The burden of proof was on the petitioner. Lipsky v. Heller, 199 Mass. 310. Hughes v. Williams, 229 Mass. 467.
The testimony objected to was no more than a description of the premises and of the conduct of the holders of the easement in the passageway in regard to the use made of it. Such testimony has been admitted and considered in many cases, for the reasons set out in Salisbury v. Andrews, 19 Pick. 250 (see also 128 Mass. 336), and has not been confined to testimony of events strictly contemporaneous with the creation of the easement. Atkins v. Bordman, 2 Met. 457. Burnham v. Nevins, 144 Mass. 88. Crocker v. Cotting, 181 Mass. 146. Its admission was within the discretion of the trial judge.

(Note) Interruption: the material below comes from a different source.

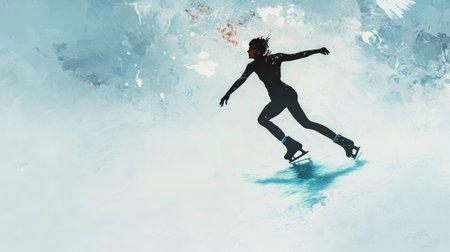 Artistic depiction of a graceful figure skater in motion, highlighting the beauty and elegance of ice skating against a soft, serene backdrop.の素材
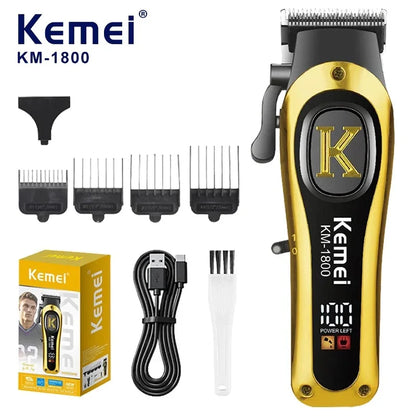 Kemei 1800 Professional Barber Hair Clippers Cordless Electric Hair Trimmers LCD Display Rechargeable Hair Cutting Kit for Men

In so far as the question involved the determination of fact, the decision of the Land Court was final. . G. L. c. 185, § 15. We cannot say that the evidence as matter of law was insufficient to justify the conclusion reached. The length and nature of this passageway from street to street, and the size and shape of the lots which it served were significant. They bring the case within the class exemplified by Crocker v. Cotting, 181 Mass. 146, and Salisbury v. Andrews, 128 Mass. 336, rather than that illustrated by Duncan v. Goldthwaite, 216 Mass. 402, Burnham v. Nevins, 144 Mass. 88, and Atkins v. Bordman, 2 Met. 457.
Exceptions overruled.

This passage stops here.